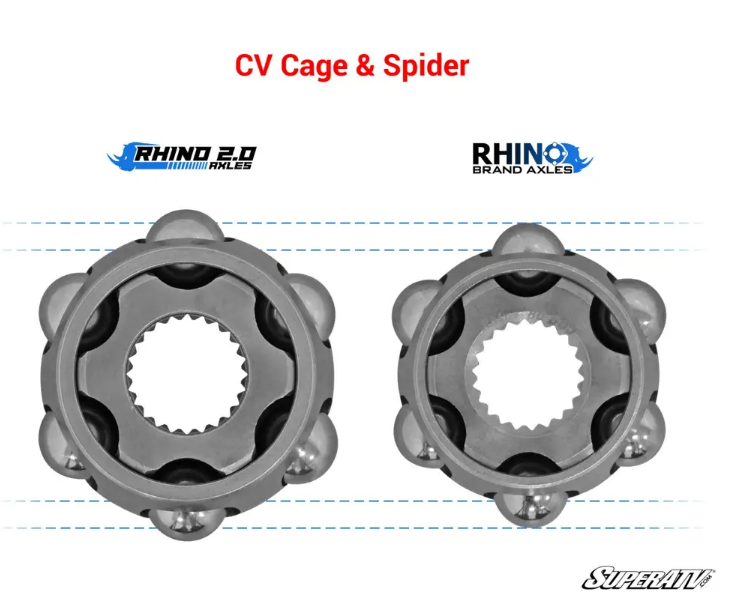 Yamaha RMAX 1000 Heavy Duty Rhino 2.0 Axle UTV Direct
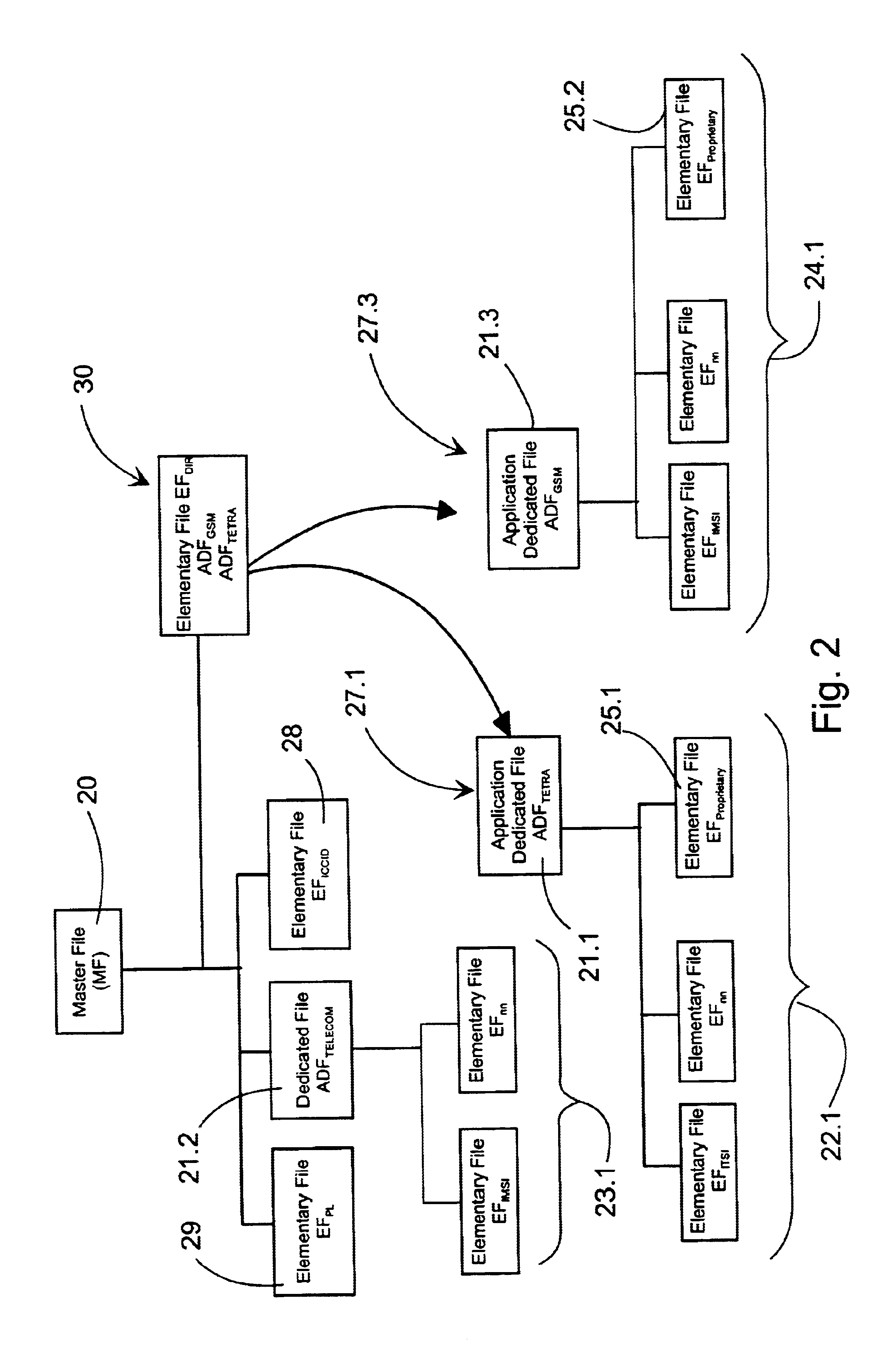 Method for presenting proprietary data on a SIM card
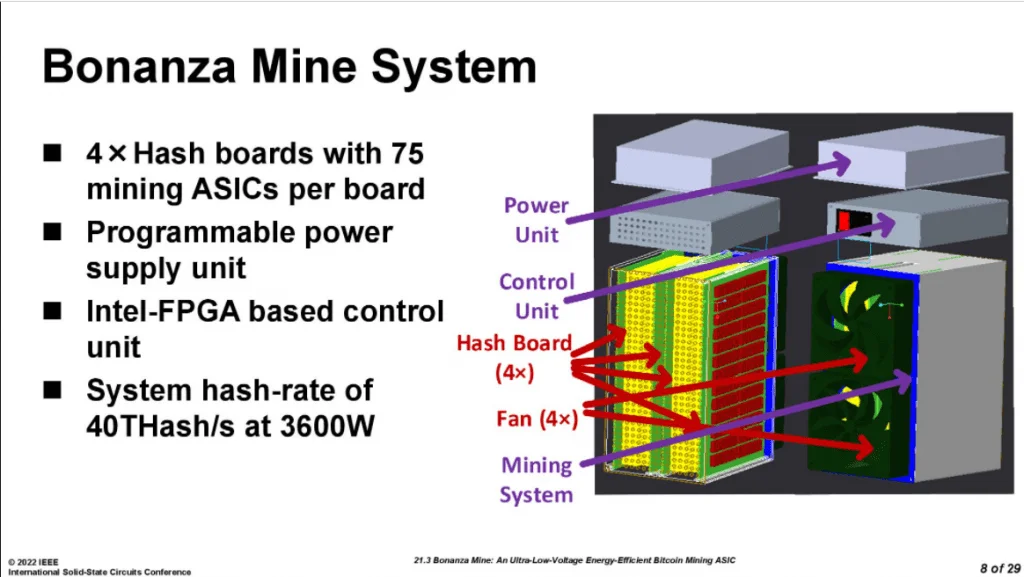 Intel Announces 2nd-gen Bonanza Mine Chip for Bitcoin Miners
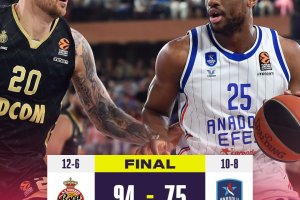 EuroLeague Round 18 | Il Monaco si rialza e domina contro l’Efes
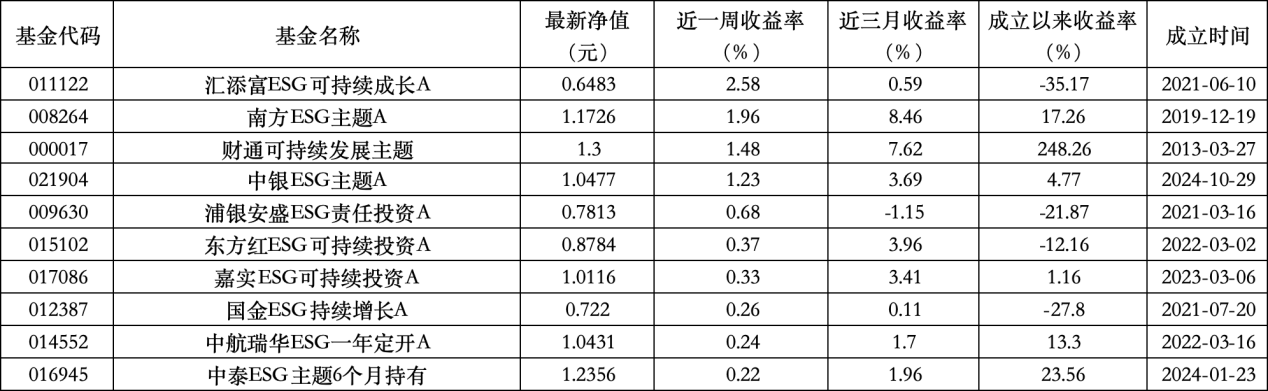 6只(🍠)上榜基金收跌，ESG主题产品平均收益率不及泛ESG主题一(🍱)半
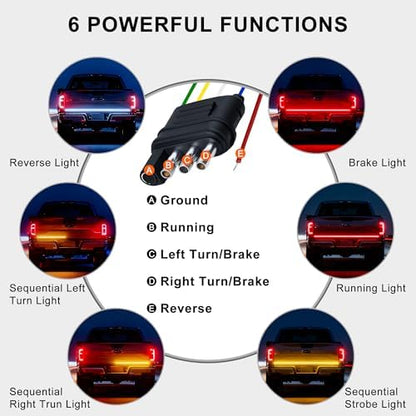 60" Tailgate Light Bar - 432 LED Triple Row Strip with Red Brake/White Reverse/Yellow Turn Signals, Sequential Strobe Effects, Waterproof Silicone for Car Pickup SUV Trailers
---
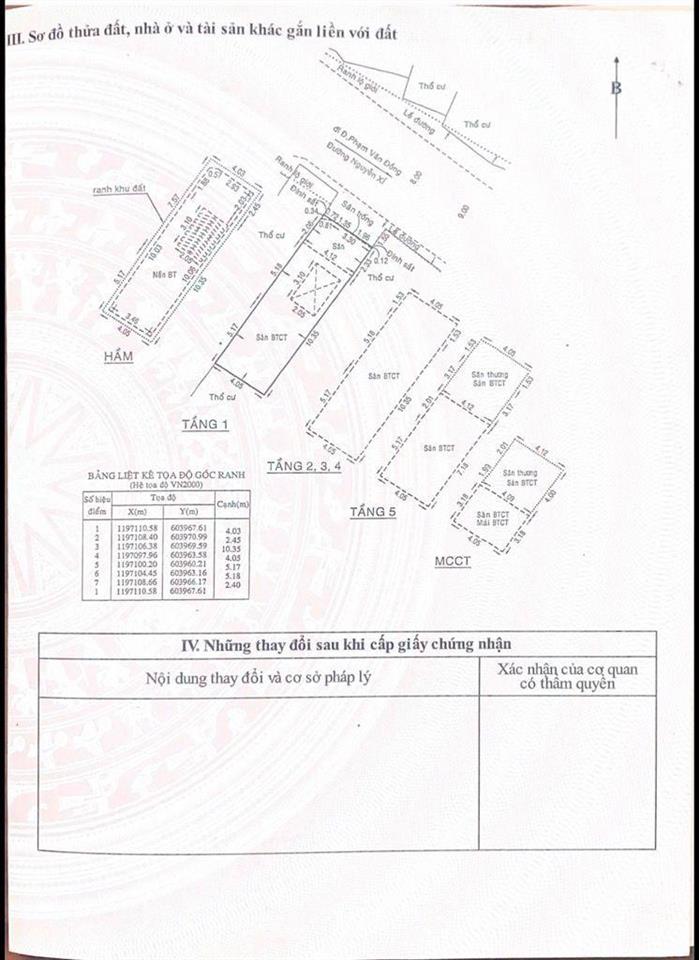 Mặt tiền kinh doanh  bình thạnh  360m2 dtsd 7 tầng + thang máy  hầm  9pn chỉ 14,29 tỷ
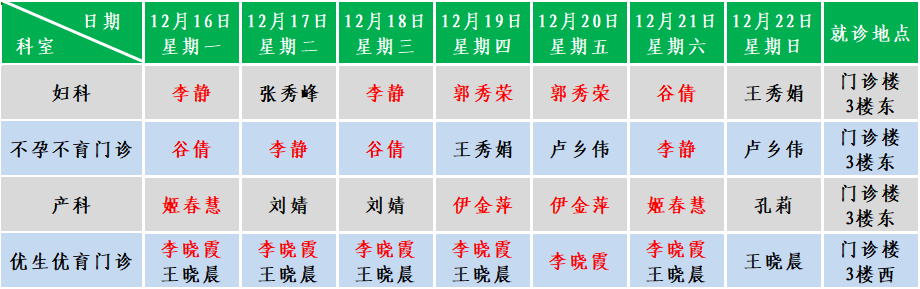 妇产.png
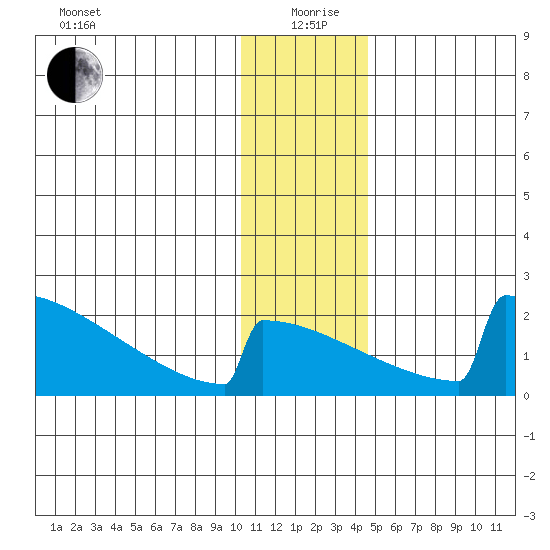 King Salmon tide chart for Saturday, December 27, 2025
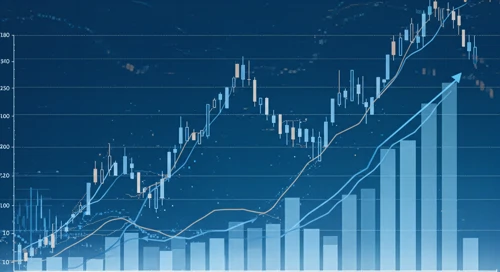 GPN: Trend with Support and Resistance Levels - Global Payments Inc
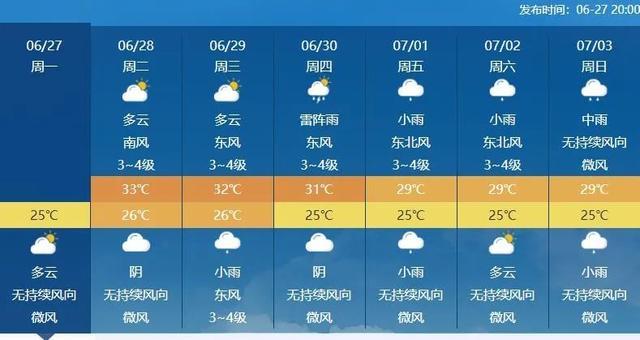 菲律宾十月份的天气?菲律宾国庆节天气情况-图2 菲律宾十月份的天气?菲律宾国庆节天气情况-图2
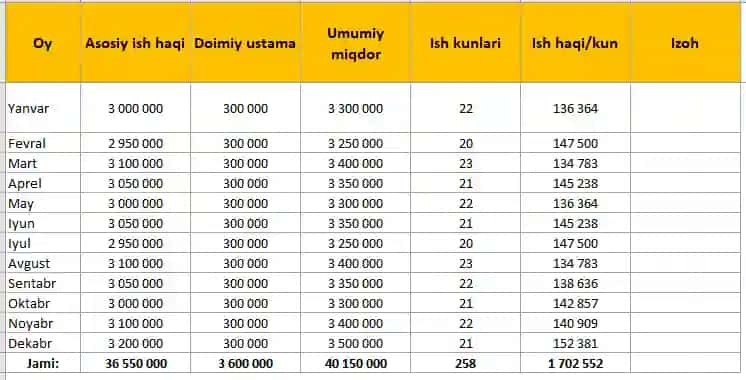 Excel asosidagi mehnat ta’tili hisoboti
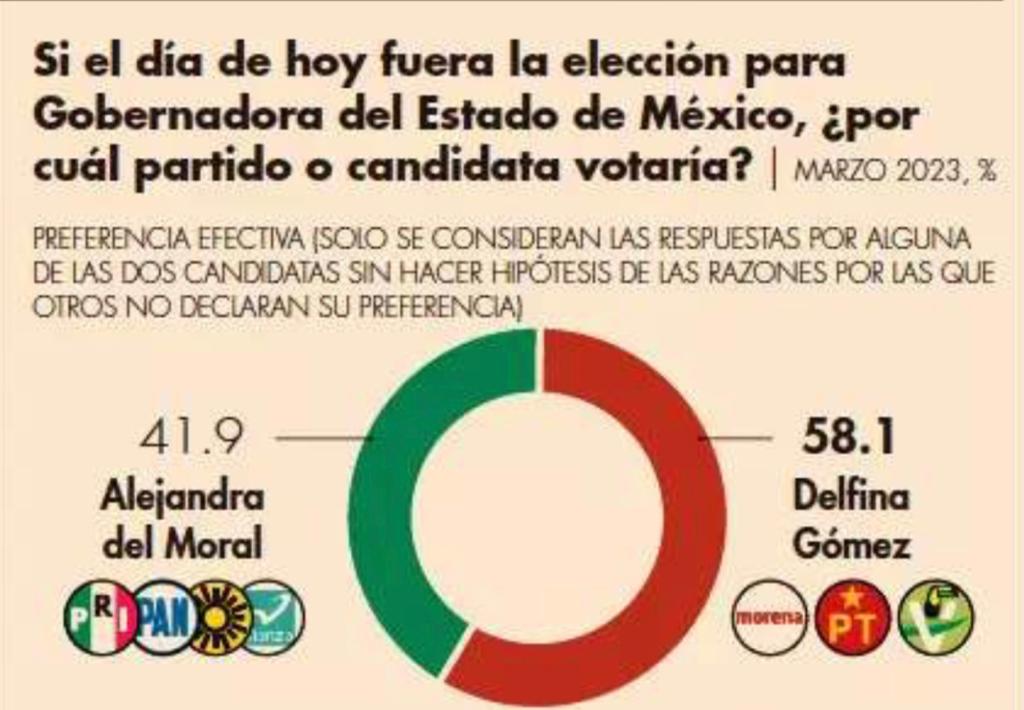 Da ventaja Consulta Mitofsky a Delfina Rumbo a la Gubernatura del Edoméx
---
# [Exercise details]
Copy word for word the span of the records above that begins at the line with "Yamaha RMAX 1000" and ends at the line with "Pickup SUV Trailers", including those two lines but not the pictures.

# [Output]
 Yamaha RMAX 1000 Heavy Duty Rhino 2.0 Axle UTV Direct
 Method for presenting proprietary data on a SIM card
 Intel Announces 2nd-gen Bonanza Mine Chip for Bitcoin Miners
 EuroLeague Round 18 | Il Monaco si rialza e domina contro l’Efes
 6只(🍠)上榜基金收跌，ESG主题产品平均收益率不及泛ESG主题一(🍱)半
 60" Tailgate Light Bar - 432 LED Triple Row Strip with Red Brake/White Reverse/Yellow Turn Signals, Sequential Strobe Effects, Waterproof Silicone for Car Pickup SUV Trailers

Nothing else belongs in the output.